*** Block opens ***
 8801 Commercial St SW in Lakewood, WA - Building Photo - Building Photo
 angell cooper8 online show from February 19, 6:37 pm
*** Block closes ***
*** Block opens ***
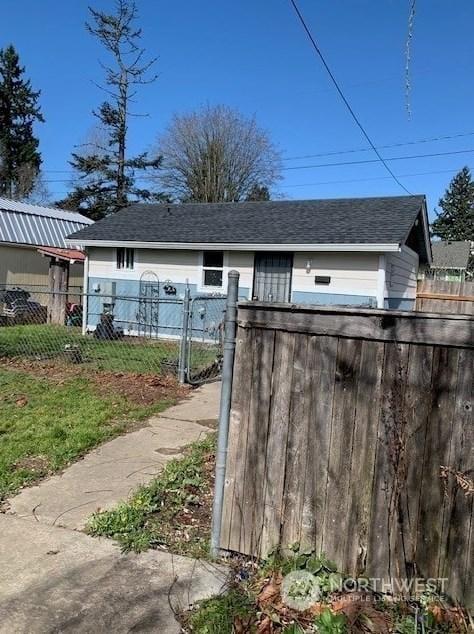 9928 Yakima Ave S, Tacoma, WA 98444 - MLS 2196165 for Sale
*** Block closes ***
§ AIM OF THE EXERCISE
Your task is to transcribe, with no changes, only the lines of the listing above that lie between the line holding "8801 Commercial St" and the line holding "angell cooper8 online", inclusive.

§ ANSWER SPACE
 8801 Commercial St SW in Lakewood, WA - Building Photo - Building Photo
 angell cooper8 online show from February 19, 6:37 pm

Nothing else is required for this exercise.